Events: The 4th pillar of Booking.com’s Observability platform

TL;DR: Metrics, Logs and Traces are three main pillars of observability. At Booking.com, we majorly use Booking.com’s Events , a proprietary solution developed in-house, to generate traces, logs and most of the metrics to fulfil the majority of our observability needs, and we handle tens of millions of Events per second.

Booking.com has distributed services running across a hybrid cloud and each one serves different purpose. For example “Service A” takes care of order processing, “Service B” of inventory etc. All services need observability to examine their availability and performance.

What are Events at Booking.com?

The main building block of the Booking.com Events is an Event. An Event is a key-value structure that contains a lot of information about a particular unit of work.

For example, an HTTP request would contain a set of all warnings/errors generated during the request processing. It can include performance information, such as the duration of the request, the number of database queries and their latency, also enabled A/B experiments, application-specific information, etc.

An Event snippet would look like this

{
"availability_zone" : "london",
"created_epoch": "1660548925.3674",
"Service_name": "service A",
"git_commit_sha": "..", …

}

At a first glance, it may resemble a structured log, though Events have some important differences.
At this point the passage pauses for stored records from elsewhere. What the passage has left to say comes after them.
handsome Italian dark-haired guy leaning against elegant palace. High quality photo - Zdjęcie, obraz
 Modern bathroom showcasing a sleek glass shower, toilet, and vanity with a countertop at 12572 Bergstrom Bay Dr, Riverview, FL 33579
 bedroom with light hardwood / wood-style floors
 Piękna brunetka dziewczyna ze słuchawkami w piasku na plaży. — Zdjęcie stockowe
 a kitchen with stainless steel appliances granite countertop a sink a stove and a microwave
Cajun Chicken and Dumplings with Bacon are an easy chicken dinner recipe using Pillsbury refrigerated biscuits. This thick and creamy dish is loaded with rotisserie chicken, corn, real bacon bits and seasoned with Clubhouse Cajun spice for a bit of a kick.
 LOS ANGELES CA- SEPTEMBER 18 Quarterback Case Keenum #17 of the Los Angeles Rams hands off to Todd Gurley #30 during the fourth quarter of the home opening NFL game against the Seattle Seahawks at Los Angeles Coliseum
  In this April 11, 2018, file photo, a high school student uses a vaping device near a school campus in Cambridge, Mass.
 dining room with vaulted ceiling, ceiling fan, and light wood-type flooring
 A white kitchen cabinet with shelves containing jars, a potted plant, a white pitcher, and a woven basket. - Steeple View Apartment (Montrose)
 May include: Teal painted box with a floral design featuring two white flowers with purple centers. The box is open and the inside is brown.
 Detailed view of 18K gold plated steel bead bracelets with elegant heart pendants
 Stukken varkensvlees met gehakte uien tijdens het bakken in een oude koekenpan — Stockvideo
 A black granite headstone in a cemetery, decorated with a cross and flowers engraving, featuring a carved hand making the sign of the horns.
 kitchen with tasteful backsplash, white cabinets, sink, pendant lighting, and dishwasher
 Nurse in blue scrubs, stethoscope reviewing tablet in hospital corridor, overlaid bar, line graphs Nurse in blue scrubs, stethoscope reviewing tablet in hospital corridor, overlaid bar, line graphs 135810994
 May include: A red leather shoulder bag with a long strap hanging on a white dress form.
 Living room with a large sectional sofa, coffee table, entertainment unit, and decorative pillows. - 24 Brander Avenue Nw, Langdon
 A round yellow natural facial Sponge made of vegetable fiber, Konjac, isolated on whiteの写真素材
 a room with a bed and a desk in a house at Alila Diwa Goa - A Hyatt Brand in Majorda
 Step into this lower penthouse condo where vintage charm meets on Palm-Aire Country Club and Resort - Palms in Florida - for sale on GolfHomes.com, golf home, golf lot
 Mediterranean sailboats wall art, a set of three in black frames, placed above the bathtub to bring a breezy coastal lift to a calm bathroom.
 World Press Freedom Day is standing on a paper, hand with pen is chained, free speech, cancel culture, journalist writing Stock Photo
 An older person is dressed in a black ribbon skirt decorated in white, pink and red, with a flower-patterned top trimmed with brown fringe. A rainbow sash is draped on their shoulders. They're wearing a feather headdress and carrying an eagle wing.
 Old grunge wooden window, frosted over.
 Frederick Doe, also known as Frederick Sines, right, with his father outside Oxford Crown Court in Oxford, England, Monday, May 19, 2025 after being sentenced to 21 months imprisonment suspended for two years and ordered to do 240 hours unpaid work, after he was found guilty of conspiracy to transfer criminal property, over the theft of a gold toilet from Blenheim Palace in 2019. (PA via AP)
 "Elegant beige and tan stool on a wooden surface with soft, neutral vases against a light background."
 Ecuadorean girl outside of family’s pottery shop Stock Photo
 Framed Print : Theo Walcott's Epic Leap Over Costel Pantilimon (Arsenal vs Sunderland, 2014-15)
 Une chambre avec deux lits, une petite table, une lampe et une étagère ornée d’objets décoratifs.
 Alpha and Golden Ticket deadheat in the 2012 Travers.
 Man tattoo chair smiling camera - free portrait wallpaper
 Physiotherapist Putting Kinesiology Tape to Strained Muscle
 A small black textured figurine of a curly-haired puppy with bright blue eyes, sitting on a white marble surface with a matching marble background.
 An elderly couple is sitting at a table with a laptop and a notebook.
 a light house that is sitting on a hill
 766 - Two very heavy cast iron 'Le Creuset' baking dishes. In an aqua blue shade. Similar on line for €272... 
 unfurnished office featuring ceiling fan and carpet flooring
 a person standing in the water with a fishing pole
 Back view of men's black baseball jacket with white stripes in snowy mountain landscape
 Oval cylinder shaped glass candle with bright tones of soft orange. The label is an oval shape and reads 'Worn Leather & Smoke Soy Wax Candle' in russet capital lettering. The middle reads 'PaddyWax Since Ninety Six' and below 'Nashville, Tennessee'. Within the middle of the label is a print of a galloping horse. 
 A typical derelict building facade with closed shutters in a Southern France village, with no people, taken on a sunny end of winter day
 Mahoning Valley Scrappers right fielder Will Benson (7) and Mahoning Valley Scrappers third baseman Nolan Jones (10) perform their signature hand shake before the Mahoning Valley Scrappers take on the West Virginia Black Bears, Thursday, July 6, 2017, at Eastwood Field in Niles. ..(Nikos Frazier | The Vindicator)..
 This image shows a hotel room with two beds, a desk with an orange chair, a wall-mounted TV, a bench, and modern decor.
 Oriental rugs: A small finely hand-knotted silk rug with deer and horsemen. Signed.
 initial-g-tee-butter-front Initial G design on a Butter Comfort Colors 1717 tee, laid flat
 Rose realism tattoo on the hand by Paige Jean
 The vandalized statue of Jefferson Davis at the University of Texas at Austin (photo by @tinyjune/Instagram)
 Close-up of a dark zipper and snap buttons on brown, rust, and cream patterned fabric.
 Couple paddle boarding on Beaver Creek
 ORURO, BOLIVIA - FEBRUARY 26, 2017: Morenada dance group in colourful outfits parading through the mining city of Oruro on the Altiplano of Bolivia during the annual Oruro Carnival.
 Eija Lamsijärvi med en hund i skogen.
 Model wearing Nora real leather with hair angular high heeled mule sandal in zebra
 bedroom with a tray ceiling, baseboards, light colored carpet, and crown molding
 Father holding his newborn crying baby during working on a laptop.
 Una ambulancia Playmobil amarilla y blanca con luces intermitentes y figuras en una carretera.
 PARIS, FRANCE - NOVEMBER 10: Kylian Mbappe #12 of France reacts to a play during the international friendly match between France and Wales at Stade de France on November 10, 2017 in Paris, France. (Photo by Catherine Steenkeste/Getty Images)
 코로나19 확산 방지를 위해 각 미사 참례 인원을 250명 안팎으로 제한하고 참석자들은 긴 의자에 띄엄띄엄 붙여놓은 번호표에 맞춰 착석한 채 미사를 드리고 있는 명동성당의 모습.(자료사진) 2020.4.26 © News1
Log messages usually focus on a single info/warn/error message, potentially with some context metadata attached to it. While an Event accumulates information over an extended period from various functions within the work unit.

Why does Booking.com use Events?

Events allow having a full context about user input, performance characteristics, runtime environment, etc. about a given unit of work (HTTP request, cronjob, etc). This information is later used to generate classical observability pillars like metrics, logs and traces. It also allows running analytics queries over the Events data.

Events help uncover various questions that require the involvement of different interconnected systems. For example, if we detect errors during the flight booking process, from the Events we can determine if these errors are affecting a particular group of users, if they are caused by bots, or if they are related to ongoing experiments on our site, and more.

The rich context of Events allows us to retrieve information which spans across multiple software components in the Booking.com ecosystem.

How do we use the Events to support observability needs?

Events are sent from applications to Kafka. Those Events are then consumed to generate Metrics, Logs and traces.

On a high level, in Kubernetes, the application creates Events using the ‘Events library’. The library sends the Events to the Event-proxy daemon running on the host machine. It does 3 important things:

It enriches the Event with various metadata. e.g. adding the physical host where it received the Events.
It routes the Events to different Kafka topics based on the custom routing specified. e.g. sending all the Events from the order service to the order Kafka topic.
It splits a single incoming Kafka message to multiple small Kafka messages for effective consumption.

For brevity, other compute platforms are excluded in the picture:

Bare-metal servers — Yes, we do have them! Their Events setup design is quite similar to the Kubernetes platform.
Cloud native compute — Cloud-native computing does not use the Events system; instead, it uses OpenTelemetry and cloud-native observability. For instance, cloud-native serverless platforms like Lambda use CloudWatch.

The Event-proxy then sends Events to Kafka clusters. Several ‘Event consumers’ start consuming those Kafka messages and serving different purposes.

Let me brief you about 3 important Events consumers.

Distributed Tracing Consumer: It handles distributed tracing in Booking.com, by uploading the spans to our partner, Honeycomb.
APM generator: This consumer generates different APM (application performance monitoring) metrics and stores them in Graphite. e.g. distinct count of actions for each application, failure http percentile.
Failed Event Processor: This consumer is interested only in Events with errors and warnings and writes them to ElasticSearch. Those errors and warnings serve the debugging purposes for the developer community in the company.

Okay, what’s next?

Events are great, it fulfils most of our observability needs. However, there are a couple of major challenges with the Events.

Events are Booking.com specific. So we need to maintain the Events libraries for code instrumentations
Third-party tools that we use inside the company can’t be onboarded to Booking.com’s observability infrastructure without writing any custom conversion code.

While addressing these challenges, we have evaluated the open-source Observability framework OpenTelemetry, also known as OTel for short. OTel is a framework for instrumenting, generating, collecting, and exporting telemetry data (telemetry data types) such as traces, metrics, logs.

There are a few reasons why we would like to use OTel.

OpenTelemetry code instrumentation is supported by wide range of programming languages. This will eliminate the need to maintain the Events library code for instrumentation.
OpenTelemetry is extensible (more read). This will help our existing internal tools to seamlessly adapt OpenTelemetry.
OTel is natively supported by a number of vendors. So there is no vendor lock-in.

So, while the Booking.com Events does a fantastic job. It helps us generate the three pillars of observability (Metrics, Logs and Traces). But we believe OTel is worth giving a try because of the above-mentioned reasons.

In future, we will share our journey in detail, transitioning Booking.com observability ecosystem from custom Events to OpenTelemetry.

Till then, Happy Observability!